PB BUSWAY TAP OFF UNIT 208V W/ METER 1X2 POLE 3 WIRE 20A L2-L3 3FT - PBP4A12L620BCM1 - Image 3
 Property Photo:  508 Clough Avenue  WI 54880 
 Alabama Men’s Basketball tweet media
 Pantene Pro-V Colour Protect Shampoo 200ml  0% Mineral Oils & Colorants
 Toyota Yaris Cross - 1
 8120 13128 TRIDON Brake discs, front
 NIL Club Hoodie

● **DESCRIPTION OF THE TASK**:
Give all the records again. Match them exactly.

● **OUTPUT BELOW**:
PB BUSWAY TAP OFF UNIT 208V W/ METER 1X2 POLE 3 WIRE 20A L2-L3 3FT - PBP4A12L620BCM1 - Image 3
 Property Photo:  508 Clough Avenue  WI 54880 
 Alabama Men’s Basketball tweet media
 Pantene Pro-V Colour Protect Shampoo 200ml  0% Mineral Oils & Colorants
 Toyota Yaris Cross - 1
 8120 13128 TRIDON Brake discs, front
 NIL Club Hoodie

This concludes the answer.